**Exercise requirements**:
Copy the entries that follow, exactly and completely.

____________

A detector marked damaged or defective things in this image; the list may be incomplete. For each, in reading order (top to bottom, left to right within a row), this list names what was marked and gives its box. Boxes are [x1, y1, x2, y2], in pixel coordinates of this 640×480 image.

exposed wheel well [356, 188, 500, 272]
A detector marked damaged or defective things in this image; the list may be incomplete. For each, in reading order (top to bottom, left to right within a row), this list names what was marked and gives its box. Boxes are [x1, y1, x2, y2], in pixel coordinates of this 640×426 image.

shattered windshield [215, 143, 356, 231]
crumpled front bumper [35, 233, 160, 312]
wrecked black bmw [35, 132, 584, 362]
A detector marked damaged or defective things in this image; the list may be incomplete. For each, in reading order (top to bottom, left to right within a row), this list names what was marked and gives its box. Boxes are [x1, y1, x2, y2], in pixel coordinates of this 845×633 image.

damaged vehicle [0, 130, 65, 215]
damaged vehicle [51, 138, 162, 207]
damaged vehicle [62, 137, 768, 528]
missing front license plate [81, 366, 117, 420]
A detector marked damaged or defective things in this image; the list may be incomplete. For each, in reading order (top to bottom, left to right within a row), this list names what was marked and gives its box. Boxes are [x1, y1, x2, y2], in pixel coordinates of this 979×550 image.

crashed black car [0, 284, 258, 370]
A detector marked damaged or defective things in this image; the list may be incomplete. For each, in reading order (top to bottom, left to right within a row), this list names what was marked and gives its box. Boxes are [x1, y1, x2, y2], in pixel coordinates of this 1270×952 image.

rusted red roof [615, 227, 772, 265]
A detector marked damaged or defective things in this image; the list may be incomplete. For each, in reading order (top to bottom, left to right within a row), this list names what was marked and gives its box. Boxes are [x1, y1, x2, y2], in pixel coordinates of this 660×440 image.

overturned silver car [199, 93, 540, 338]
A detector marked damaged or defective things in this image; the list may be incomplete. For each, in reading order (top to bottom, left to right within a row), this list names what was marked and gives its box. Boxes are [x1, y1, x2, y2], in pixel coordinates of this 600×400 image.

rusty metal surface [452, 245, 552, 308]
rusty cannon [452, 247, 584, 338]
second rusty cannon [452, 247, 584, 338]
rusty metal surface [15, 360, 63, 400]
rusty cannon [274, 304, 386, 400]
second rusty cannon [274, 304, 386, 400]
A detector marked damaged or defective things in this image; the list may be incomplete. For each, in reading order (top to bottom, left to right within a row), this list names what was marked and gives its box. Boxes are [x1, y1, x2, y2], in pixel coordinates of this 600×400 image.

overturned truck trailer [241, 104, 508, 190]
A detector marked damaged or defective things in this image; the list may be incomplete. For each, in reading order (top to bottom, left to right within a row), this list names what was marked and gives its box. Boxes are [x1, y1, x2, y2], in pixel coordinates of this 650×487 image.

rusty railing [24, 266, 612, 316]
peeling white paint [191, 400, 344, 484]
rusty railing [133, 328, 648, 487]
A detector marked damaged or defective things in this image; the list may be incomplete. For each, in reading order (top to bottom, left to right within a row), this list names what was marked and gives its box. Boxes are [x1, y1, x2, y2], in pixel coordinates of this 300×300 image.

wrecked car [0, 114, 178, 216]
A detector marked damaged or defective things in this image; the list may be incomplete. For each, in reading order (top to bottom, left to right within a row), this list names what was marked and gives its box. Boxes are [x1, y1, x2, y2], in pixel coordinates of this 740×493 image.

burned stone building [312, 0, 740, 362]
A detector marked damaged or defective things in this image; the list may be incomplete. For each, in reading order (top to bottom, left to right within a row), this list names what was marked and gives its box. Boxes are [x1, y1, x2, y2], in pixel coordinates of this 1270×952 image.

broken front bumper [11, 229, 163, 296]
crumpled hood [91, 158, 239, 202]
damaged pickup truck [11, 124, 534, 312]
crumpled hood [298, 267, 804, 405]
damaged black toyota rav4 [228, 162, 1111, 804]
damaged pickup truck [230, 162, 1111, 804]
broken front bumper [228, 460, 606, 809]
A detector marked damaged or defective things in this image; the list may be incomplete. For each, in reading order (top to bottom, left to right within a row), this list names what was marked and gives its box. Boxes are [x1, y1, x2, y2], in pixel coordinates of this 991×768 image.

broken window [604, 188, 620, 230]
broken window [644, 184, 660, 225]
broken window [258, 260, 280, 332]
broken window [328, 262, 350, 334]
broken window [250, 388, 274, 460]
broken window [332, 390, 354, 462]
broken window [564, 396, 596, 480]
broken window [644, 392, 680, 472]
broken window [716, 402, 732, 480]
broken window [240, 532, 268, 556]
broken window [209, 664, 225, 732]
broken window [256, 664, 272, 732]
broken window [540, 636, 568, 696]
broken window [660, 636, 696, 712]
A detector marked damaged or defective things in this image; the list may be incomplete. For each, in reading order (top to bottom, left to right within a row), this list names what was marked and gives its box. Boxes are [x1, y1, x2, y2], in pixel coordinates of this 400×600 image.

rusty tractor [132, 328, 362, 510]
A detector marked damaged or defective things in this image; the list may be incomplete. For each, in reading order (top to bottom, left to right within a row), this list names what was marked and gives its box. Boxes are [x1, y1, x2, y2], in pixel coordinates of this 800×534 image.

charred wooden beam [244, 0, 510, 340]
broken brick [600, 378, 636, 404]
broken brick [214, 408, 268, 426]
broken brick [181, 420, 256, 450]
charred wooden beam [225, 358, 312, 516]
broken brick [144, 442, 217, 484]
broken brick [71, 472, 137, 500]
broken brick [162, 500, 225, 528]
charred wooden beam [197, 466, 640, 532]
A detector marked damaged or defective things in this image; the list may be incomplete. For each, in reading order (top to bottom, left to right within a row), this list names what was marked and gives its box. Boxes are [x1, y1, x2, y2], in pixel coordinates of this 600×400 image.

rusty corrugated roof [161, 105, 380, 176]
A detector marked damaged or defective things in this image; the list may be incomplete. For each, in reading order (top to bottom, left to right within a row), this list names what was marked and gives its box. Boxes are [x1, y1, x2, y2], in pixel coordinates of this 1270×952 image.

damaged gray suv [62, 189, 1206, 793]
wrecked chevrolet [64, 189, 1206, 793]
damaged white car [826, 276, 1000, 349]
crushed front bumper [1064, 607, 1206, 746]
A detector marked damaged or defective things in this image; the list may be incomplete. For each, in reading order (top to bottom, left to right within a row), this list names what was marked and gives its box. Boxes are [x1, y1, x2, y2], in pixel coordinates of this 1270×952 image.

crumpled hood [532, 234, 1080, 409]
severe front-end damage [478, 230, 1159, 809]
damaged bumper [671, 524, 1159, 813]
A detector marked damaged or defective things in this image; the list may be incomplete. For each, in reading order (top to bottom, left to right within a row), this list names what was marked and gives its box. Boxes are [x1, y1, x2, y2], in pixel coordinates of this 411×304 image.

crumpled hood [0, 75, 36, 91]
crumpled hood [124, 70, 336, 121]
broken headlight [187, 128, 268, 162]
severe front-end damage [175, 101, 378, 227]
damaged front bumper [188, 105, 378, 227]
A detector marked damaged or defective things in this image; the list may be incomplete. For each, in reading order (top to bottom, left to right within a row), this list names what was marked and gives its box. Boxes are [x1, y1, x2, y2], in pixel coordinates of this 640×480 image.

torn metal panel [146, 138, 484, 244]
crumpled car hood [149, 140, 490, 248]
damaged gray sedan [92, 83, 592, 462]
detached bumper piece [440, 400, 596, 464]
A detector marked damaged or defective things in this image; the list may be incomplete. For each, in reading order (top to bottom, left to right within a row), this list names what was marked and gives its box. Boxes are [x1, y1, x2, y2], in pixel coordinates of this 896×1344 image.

____________

**Your response**:
A detector marked damaged or defective things in this image; the list may be incomplete. For each, in reading order (top to bottom, left to right within a row), this list names what was marked and gives its box. Boxes are [x1, y1, x2, y2], in pixel coordinates of this 640×480 image.

exposed wheel well [356, 188, 500, 272]
A detector marked damaged or defective things in this image; the list may be incomplete. For each, in reading order (top to bottom, left to right within a row), this list names what was marked and gives its box. Boxes are [x1, y1, x2, y2], in pixel coordinates of this 640×426 image.

shattered windshield [215, 143, 356, 231]
crumpled front bumper [35, 233, 160, 312]
wrecked black bmw [35, 132, 584, 362]
A detector marked damaged or defective things in this image; the list may be incomplete. For each, in reading order (top to bottom, left to right within a row), this list names what was marked and gives its box. Boxes are [x1, y1, x2, y2], in pixel coordinates of this 845×633 image.

damaged vehicle [0, 130, 65, 215]
damaged vehicle [51, 138, 162, 207]
damaged vehicle [62, 137, 768, 528]
missing front license plate [81, 366, 117, 420]
A detector marked damaged or defective things in this image; the list may be incomplete. For each, in reading order (top to bottom, left to right within a row), this list names what was marked and gives its box. Boxes are [x1, y1, x2, y2], in pixel coordinates of this 979×550 image.

crashed black car [0, 284, 258, 370]
A detector marked damaged or defective things in this image; the list may be incomplete. For each, in reading order (top to bottom, left to right within a row), this list names what was marked and gives its box. Boxes are [x1, y1, x2, y2], in pixel coordinates of this 1270×952 image.

rusted red roof [615, 227, 772, 265]
A detector marked damaged or defective things in this image; the list may be incomplete. For each, in reading order (top to bottom, left to right within a row), this list names what was marked and gives its box. Boxes are [x1, y1, x2, y2], in pixel coordinates of this 660×440 image.

overturned silver car [199, 93, 540, 338]
A detector marked damaged or defective things in this image; the list may be incomplete. For each, in reading order (top to bottom, left to right within a row), this list names what was marked and gives its box. Boxes are [x1, y1, x2, y2], in pixel coordinates of this 600×400 image.

rusty metal surface [452, 245, 552, 308]
rusty cannon [452, 247, 584, 338]
second rusty cannon [452, 247, 584, 338]
rusty metal surface [15, 360, 63, 400]
rusty cannon [274, 304, 386, 400]
second rusty cannon [274, 304, 386, 400]
A detector marked damaged or defective things in this image; the list may be incomplete. For each, in reading order (top to bottom, left to right within a row), this list names what was marked and gives its box. Boxes are [x1, y1, x2, y2], in pixel coordinates of this 600×400 image.

overturned truck trailer [241, 104, 508, 190]
A detector marked damaged or defective things in this image; the list may be incomplete. For each, in reading order (top to bottom, left to right within a row), this list names what was marked and gives its box. Boxes are [x1, y1, x2, y2], in pixel coordinates of this 650×487 image.

rusty railing [24, 266, 612, 316]
peeling white paint [191, 400, 344, 484]
rusty railing [133, 328, 648, 487]
A detector marked damaged or defective things in this image; the list may be incomplete. For each, in reading order (top to bottom, left to right within a row), this list names what was marked and gives its box. Boxes are [x1, y1, x2, y2], in pixel coordinates of this 300×300 image.

wrecked car [0, 114, 178, 216]
A detector marked damaged or defective things in this image; the list may be incomplete. For each, in reading order (top to bottom, left to right within a row), this list names what was marked and gives its box. Boxes are [x1, y1, x2, y2], in pixel coordinates of this 740×493 image.

burned stone building [312, 0, 740, 362]
A detector marked damaged or defective things in this image; the list may be incomplete. For each, in reading order (top to bottom, left to right within a row), this list names what was marked and gives its box. Boxes are [x1, y1, x2, y2], in pixel coordinates of this 1270×952 image.

broken front bumper [11, 229, 163, 296]
crumpled hood [91, 158, 239, 202]
damaged pickup truck [11, 124, 534, 312]
crumpled hood [298, 267, 804, 405]
damaged black toyota rav4 [228, 162, 1111, 804]
damaged pickup truck [230, 162, 1111, 804]
broken front bumper [228, 460, 606, 809]
A detector marked damaged or defective things in this image; the list may be incomplete. For each, in reading order (top to bottom, left to right within a row), this list names what was marked and gives its box. Boxes are [x1, y1, x2, y2], in pixel coordinates of this 991×768 image.

broken window [604, 188, 620, 230]
broken window [644, 184, 660, 225]
broken window [258, 260, 280, 332]
broken window [328, 262, 350, 334]
broken window [250, 388, 274, 460]
broken window [332, 390, 354, 462]
broken window [564, 396, 596, 480]
broken window [644, 392, 680, 472]
broken window [716, 402, 732, 480]
broken window [240, 532, 268, 556]
broken window [209, 664, 225, 732]
broken window [256, 664, 272, 732]
broken window [540, 636, 568, 696]
broken window [660, 636, 696, 712]
A detector marked damaged or defective things in this image; the list may be incomplete. For each, in reading order (top to bottom, left to right within a row), this list names what was marked and gives its box. Boxes are [x1, y1, x2, y2], in pixel coordinates of this 400×600 image.

rusty tractor [132, 328, 362, 510]
A detector marked damaged or defective things in this image; the list may be incomplete. For each, in reading order (top to bottom, left to right within a row), this list names what was marked and gives its box. Boxes are [x1, y1, x2, y2], in pixel coordinates of this 800×534 image.

charred wooden beam [244, 0, 510, 340]
broken brick [600, 378, 636, 404]
broken brick [214, 408, 268, 426]
broken brick [181, 420, 256, 450]
charred wooden beam [225, 358, 312, 516]
broken brick [144, 442, 217, 484]
broken brick [71, 472, 137, 500]
broken brick [162, 500, 225, 528]
charred wooden beam [197, 466, 640, 532]
A detector marked damaged or defective things in this image; the list may be incomplete. For each, in reading order (top to bottom, left to right within a row), this list names what was marked and gives its box. Boxes are [x1, y1, x2, y2], in pixel coordinates of this 600×400 image.

rusty corrugated roof [161, 105, 380, 176]
A detector marked damaged or defective things in this image; the list may be incomplete. For each, in reading order (top to bottom, left to right within a row), this list names what was marked and gives its box. Boxes are [x1, y1, x2, y2], in pixel coordinates of this 1270×952 image.

damaged gray suv [62, 189, 1206, 793]
wrecked chevrolet [64, 189, 1206, 793]
damaged white car [826, 276, 1000, 349]
crushed front bumper [1064, 607, 1206, 746]
A detector marked damaged or defective things in this image; the list may be incomplete. For each, in reading order (top to bottom, left to right within a row), this list names what was marked and gives its box. Boxes are [x1, y1, x2, y2], in pixel coordinates of this 1270×952 image.

crumpled hood [532, 234, 1080, 409]
severe front-end damage [478, 230, 1159, 809]
damaged bumper [671, 524, 1159, 813]
A detector marked damaged or defective things in this image; the list may be incomplete. For each, in reading order (top to bottom, left to right within a row), this list names what was marked and gives its box. Boxes are [x1, y1, x2, y2], in pixel coordinates of this 411×304 image.

crumpled hood [0, 75, 36, 91]
crumpled hood [124, 70, 336, 121]
broken headlight [187, 128, 268, 162]
severe front-end damage [175, 101, 378, 227]
damaged front bumper [188, 105, 378, 227]
A detector marked damaged or defective things in this image; the list may be incomplete. For each, in reading order (top to bottom, left to right within a row), this list names what was marked and gives its box. Boxes are [x1, y1, x2, y2], in pixel coordinates of this 640×480 image.

torn metal panel [146, 138, 484, 244]
crumpled car hood [149, 140, 490, 248]
damaged gray sedan [92, 83, 592, 462]
detached bumper piece [440, 400, 596, 464]
A detector marked damaged or defective things in this image; the list may be incomplete. For each, in reading order (top to bottom, left to right within a row), this list names what was marked and gives its box. Boxes are [x1, y1, x2, y2], in pixel coordinates of this 896×1344 image.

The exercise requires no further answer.